The first “cryptocurrency” exchange platform in Italy is called Crypto Smart (cryptosmart.it) and has its tax office in our country, a fact that traders know well to be important in the tax return. Where did the idea of creating a “bag” for the purchase of Bitcoin, Ethereum and other major digital tokens come from? The founders have no doubts: fiat coins are gradually and rapidly losing value.
Crypto Smart to invest against inflation
In recent months, the problem has been talked about with insistence inflation. It had been invoked as the Holy Grail for about a decade, and as soon as it appeared there were concerns about how to contain it. What happened? During the pandemic, hundreds of millions of people around the world had to be sued on orders from governments to curb infections. Many businesses have had to temporarily close, consumption has collapsed to be reduced to what is strictly necessary and savings have exploded.

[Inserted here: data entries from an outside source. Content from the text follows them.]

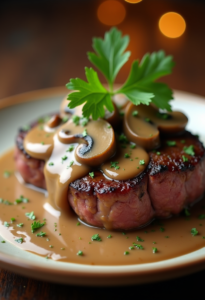 close up steak mushroom sauce creamy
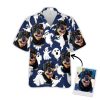 Personalized Gift For Pet Lovers Funny Ghost Pattern Navy Color Hawaiian Shirt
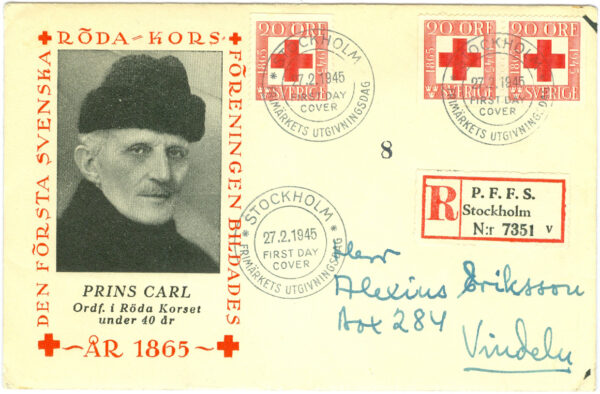Sverige - FDC 1945-02-27 - Röda Korset 80 år, 3 kpl. Vinjett 1, REK + Adessat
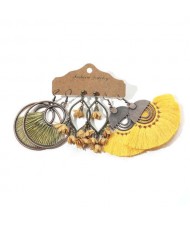 Yellow Color U.S.High Fashion Bohemian Genre Women Tassel and Big Hoop Wholesale Earrings Set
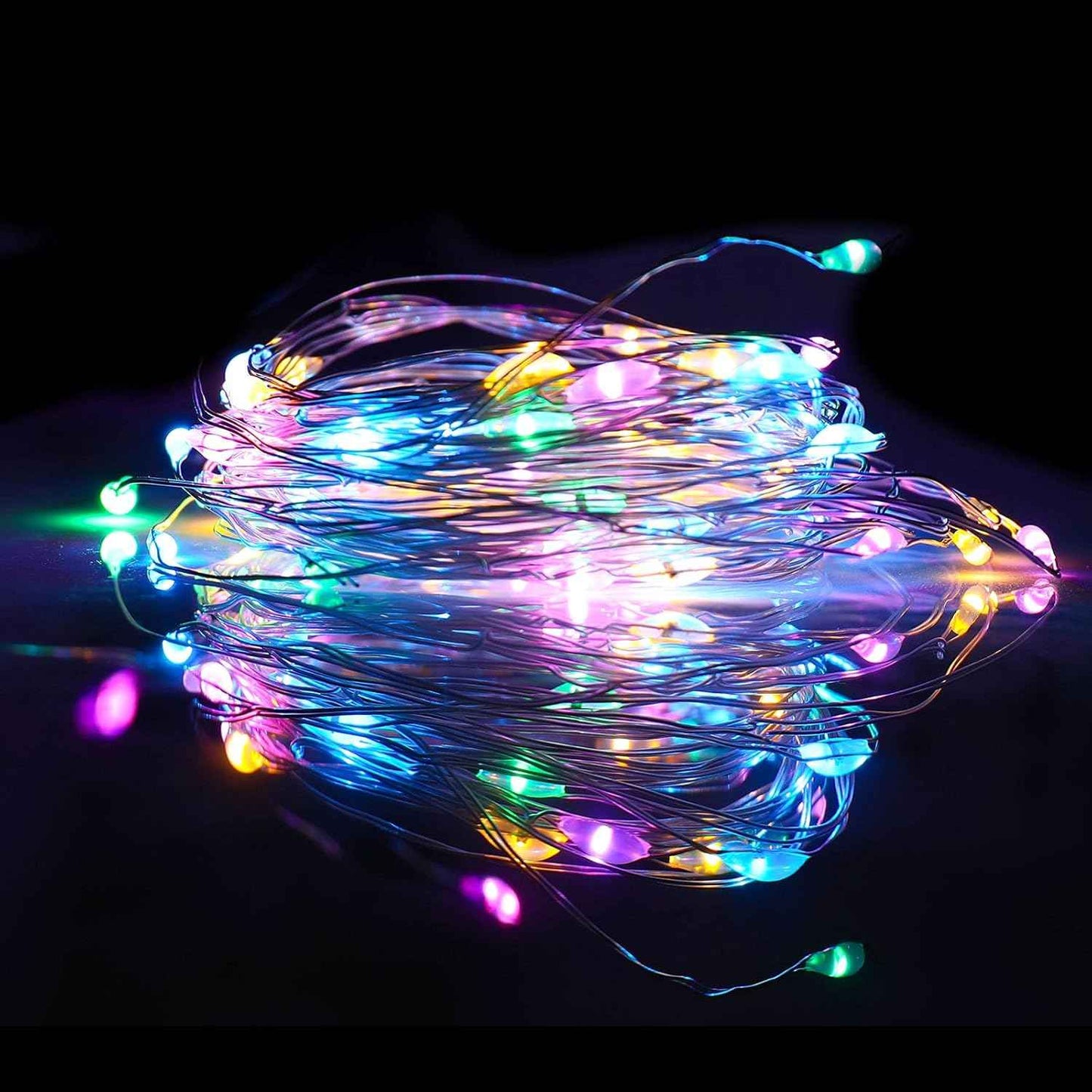 Mandiq 4 Pack Waterproof Fairy Lights Battery Operated, 10ft Silver Wire String Lights for Patio and Outdoor Dining Setup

Meanwhile, central banks have injected liquid assets at an unprecedented pace. Tens of trillions of dollars around the world in a very short time to keep rates off and allow governments to borrow to support their economies. And so, they have in turn pumped liquidity through gigantic fiscal stimuli, mostly in the form of subsidies to the categories affected by Covid. Result? Families found themselves in possession of dollars, euros, pounds, yen, etc., in the face of production in many cases collapsed.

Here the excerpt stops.